<<<<

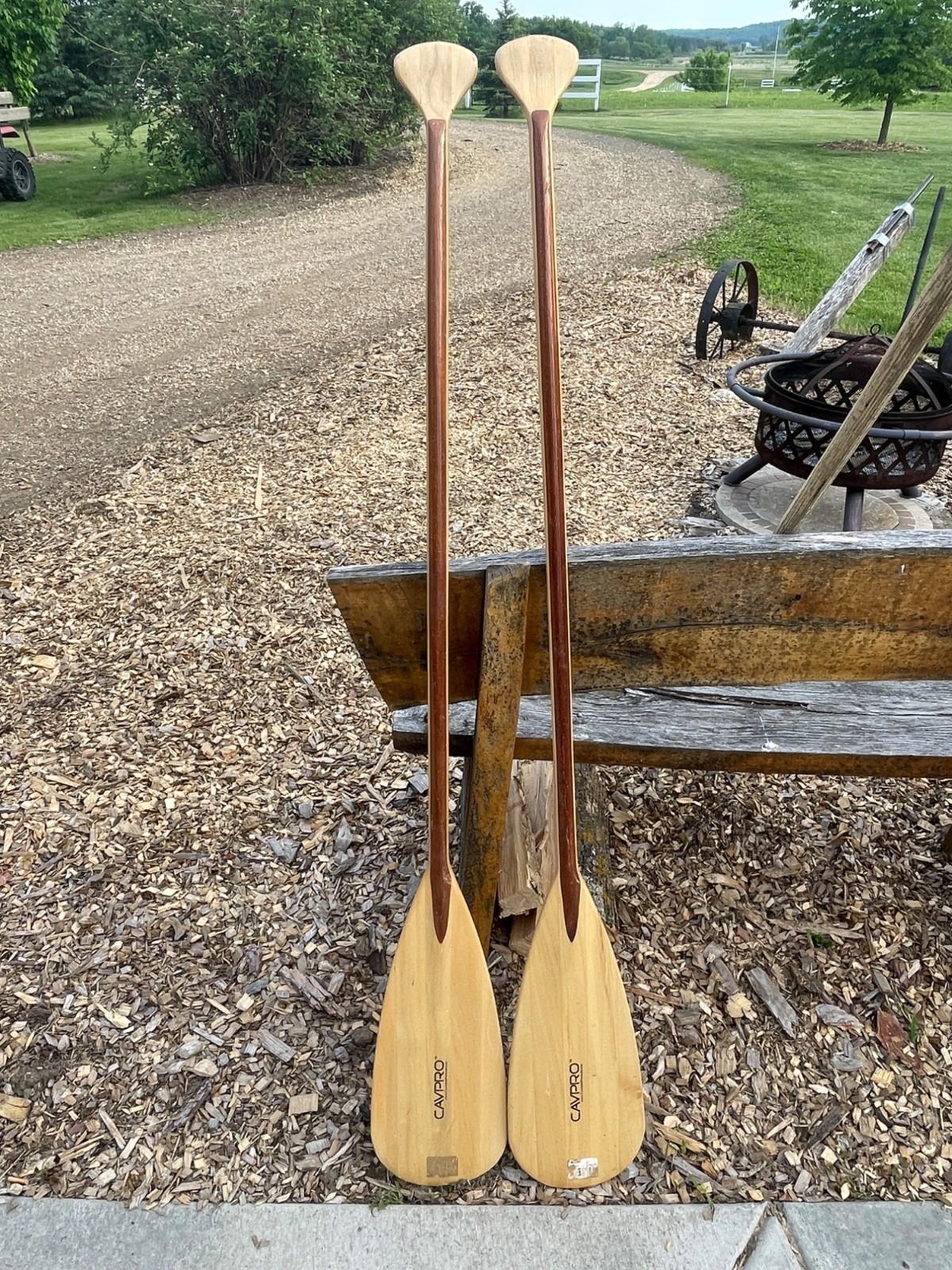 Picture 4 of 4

>>>>
<<<<

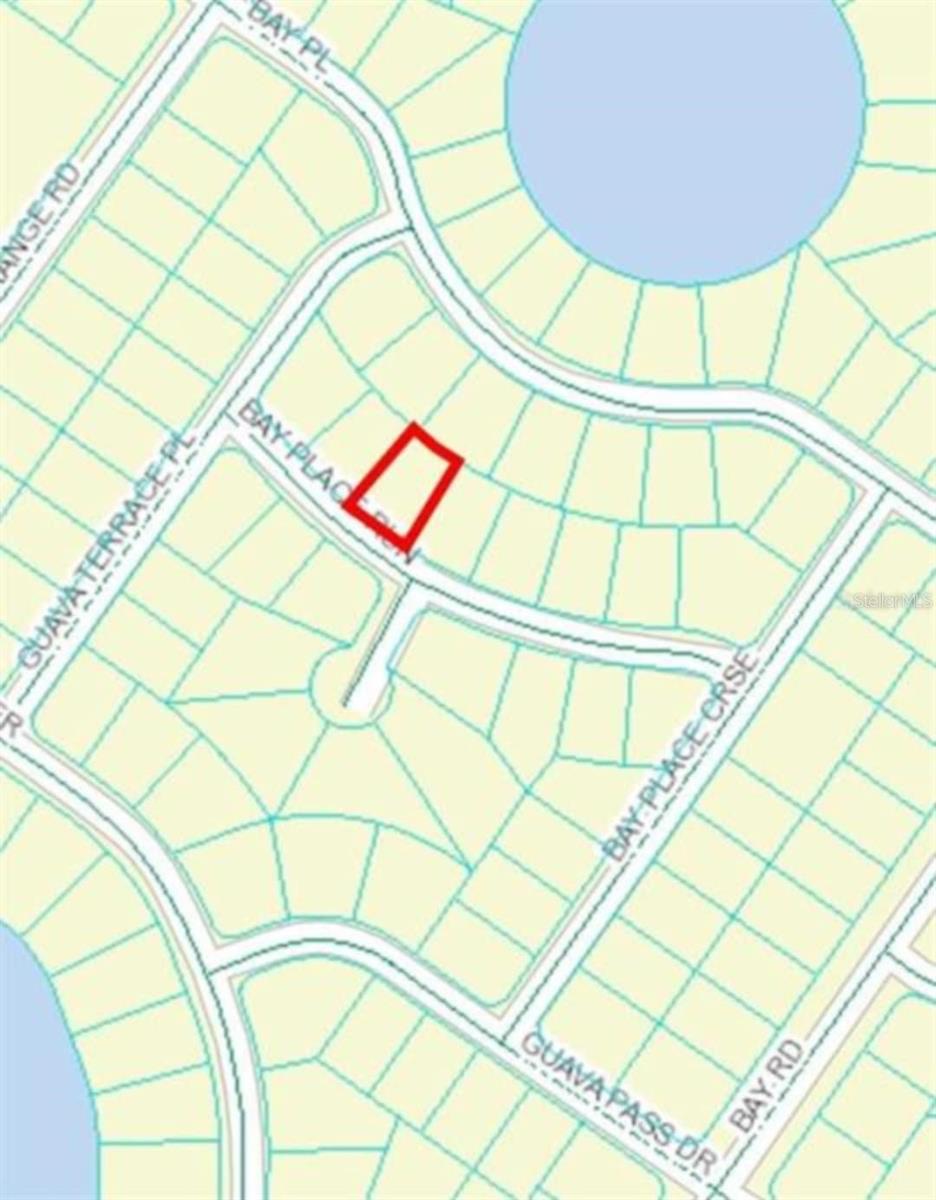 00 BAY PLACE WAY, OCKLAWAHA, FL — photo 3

>>>>
<<<<

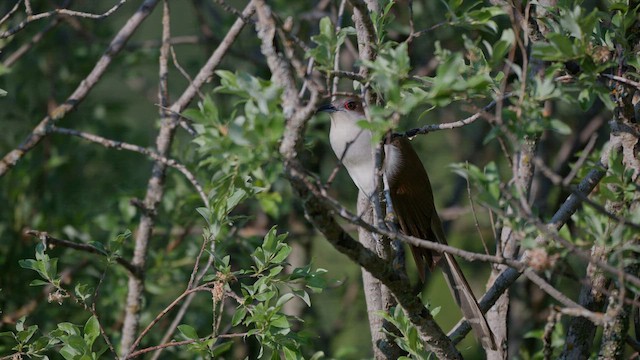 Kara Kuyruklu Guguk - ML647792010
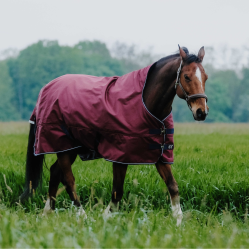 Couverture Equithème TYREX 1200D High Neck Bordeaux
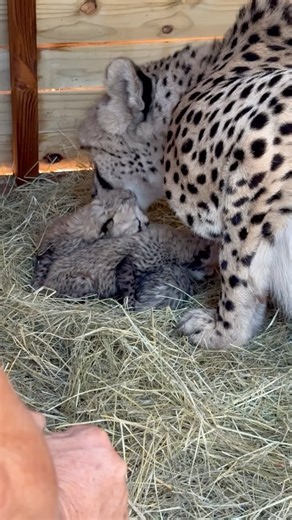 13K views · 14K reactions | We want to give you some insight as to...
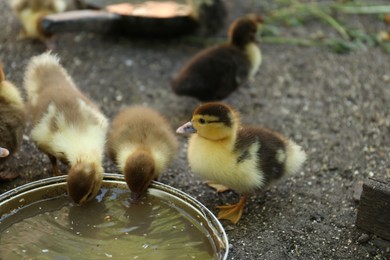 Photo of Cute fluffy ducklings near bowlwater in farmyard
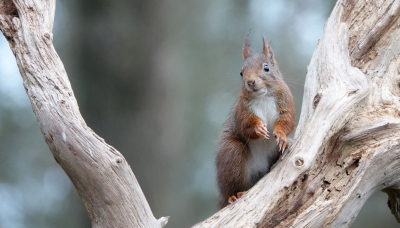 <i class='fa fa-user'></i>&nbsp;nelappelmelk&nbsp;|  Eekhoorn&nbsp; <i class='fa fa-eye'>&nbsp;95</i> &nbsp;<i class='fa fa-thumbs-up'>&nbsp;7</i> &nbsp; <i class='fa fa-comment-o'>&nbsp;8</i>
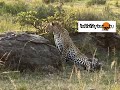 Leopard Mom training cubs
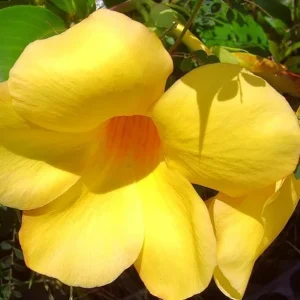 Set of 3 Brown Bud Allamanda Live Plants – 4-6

>>>>

**AIM OF THE EXERCISE**
Reproduce the lines above beginning at the line that contains "<i class='fa fa-user'></i>&nbsp;nelappelmelk&nbsp;|" and ending at the line that contains "Set of 3 Brown". No pictures.

**TASK RESULT**
 <i class='fa fa-user'></i>&nbsp;nelappelmelk&nbsp;|  Eekhoorn&nbsp; <i class='fa fa-eye'>&nbsp;95</i> &nbsp;<i class='fa fa-thumbs-up'>&nbsp;7</i> &nbsp; <i class='fa fa-comment-o'>&nbsp;8</i>
 Leopard Mom training cubs
 Set of 3 Brown Bud Allamanda Live Plants – 4-6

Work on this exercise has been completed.